DATA BLOCK:
┄┄┄┄┄┄┄┄┄┄┄┄┄┄┄┄┄┄┄┄
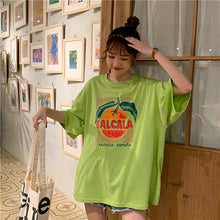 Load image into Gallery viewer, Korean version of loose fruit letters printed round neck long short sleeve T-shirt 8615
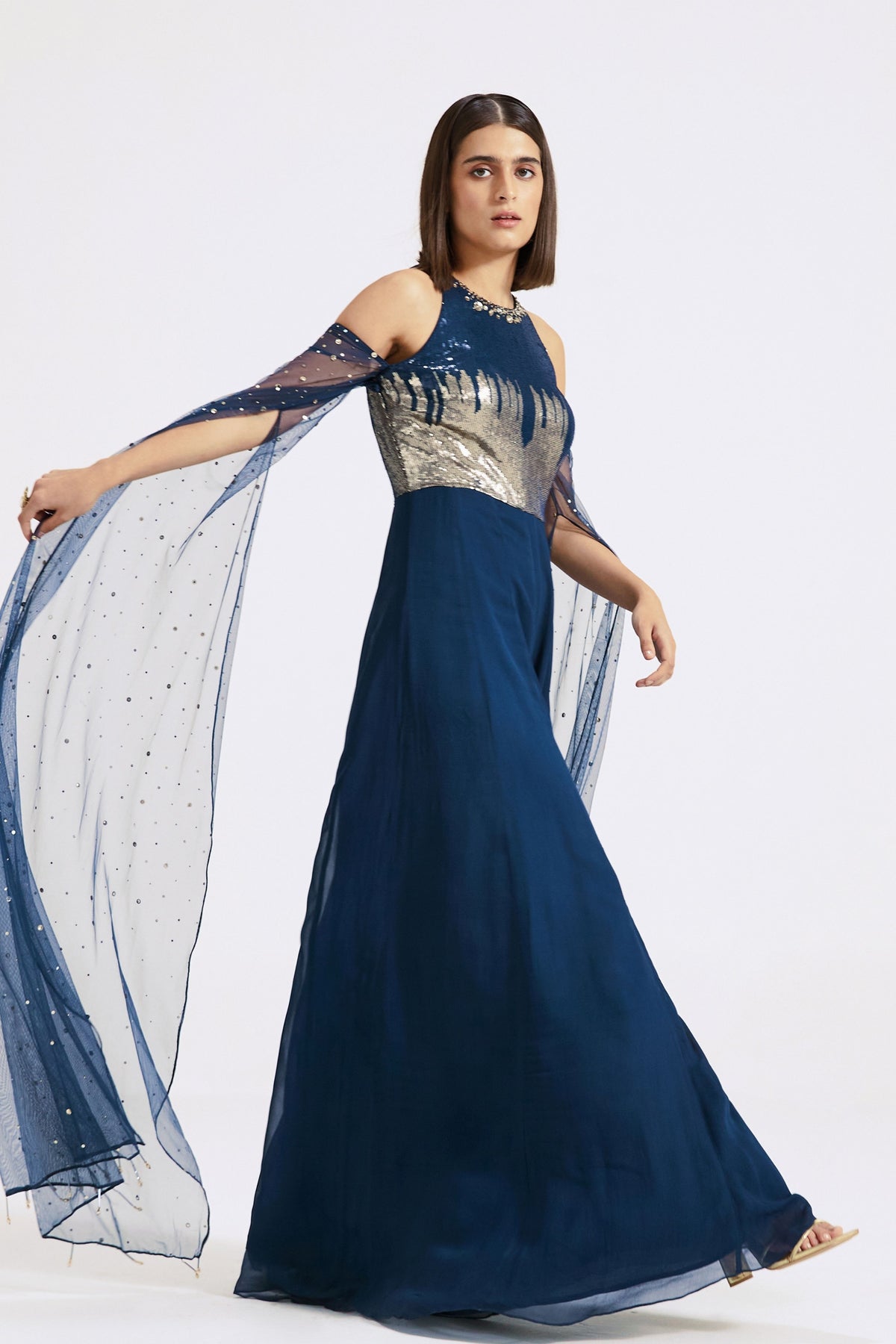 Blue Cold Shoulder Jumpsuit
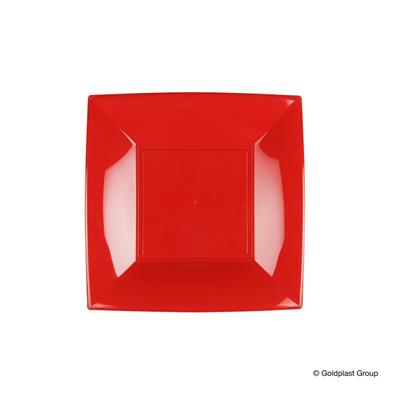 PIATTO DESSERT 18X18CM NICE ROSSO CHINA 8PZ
┄┄┄┄┄┄┄┄┄┄┄┄┄┄┄┄┄┄┄┄
YOUR ASSIGNMENT:
Where pictures sit among the data above, omit them, and output the rest exactly.

ANSWER TO THIS PROBLEM:
 Load image into Gallery viewer, Korean version of loose fruit letters printed round neck long short sleeve T-shirt 8615
 Blue Cold Shoulder Jumpsuit
 PIATTO DESSERT 18X18CM NICE ROSSO CHINA 8PZ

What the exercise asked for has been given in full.